[Materials provided — start]

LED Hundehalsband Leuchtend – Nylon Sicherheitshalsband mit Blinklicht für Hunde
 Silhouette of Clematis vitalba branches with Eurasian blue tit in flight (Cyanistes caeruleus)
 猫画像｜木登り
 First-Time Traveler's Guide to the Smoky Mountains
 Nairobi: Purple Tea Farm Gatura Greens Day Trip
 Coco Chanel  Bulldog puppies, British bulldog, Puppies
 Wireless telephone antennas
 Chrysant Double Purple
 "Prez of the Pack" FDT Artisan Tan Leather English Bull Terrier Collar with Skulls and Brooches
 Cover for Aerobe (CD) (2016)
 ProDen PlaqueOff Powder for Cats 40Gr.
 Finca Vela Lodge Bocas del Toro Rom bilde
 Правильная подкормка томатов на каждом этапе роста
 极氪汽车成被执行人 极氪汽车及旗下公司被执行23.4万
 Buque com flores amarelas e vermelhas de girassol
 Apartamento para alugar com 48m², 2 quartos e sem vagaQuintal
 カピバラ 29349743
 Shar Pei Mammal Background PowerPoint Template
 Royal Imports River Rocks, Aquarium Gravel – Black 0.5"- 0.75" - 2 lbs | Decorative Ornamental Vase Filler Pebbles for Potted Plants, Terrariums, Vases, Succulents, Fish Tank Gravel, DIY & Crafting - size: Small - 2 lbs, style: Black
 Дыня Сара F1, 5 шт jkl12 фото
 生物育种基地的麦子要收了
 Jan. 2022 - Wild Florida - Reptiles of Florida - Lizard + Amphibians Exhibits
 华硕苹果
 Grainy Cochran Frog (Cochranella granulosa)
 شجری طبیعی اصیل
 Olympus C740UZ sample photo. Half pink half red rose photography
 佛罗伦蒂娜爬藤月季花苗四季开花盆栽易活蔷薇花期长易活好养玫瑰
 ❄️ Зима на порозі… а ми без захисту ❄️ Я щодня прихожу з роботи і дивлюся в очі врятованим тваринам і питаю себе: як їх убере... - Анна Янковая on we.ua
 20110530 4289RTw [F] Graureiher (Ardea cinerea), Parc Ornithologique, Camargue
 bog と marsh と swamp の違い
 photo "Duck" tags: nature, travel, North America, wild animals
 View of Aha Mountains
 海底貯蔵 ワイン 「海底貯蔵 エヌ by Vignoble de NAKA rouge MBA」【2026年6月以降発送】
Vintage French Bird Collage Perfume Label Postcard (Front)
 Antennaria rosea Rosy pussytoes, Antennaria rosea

[Materials provided — finish]

* _Exercise prompt_: The lines above starting at the one that contains "20110530 4289RTw [F]" and ending at the one that contains "Vintage French Bird" must be transcribed exactly, and no other lines may appear.

* _Your response_:
 20110530 4289RTw [F] Graureiher (Ardea cinerea), Parc Ornithologique, Camargue
 bog と marsh と swamp の違い
 photo "Duck" tags: nature, travel, North America, wild animals
 View of Aha Mountains
 海底貯蔵 ワイン 「海底貯蔵 エヌ by Vignoble de NAKA rouge MBA」【2026年6月以降発送】
Vintage French Bird Collage Perfume Label Postcard (Front)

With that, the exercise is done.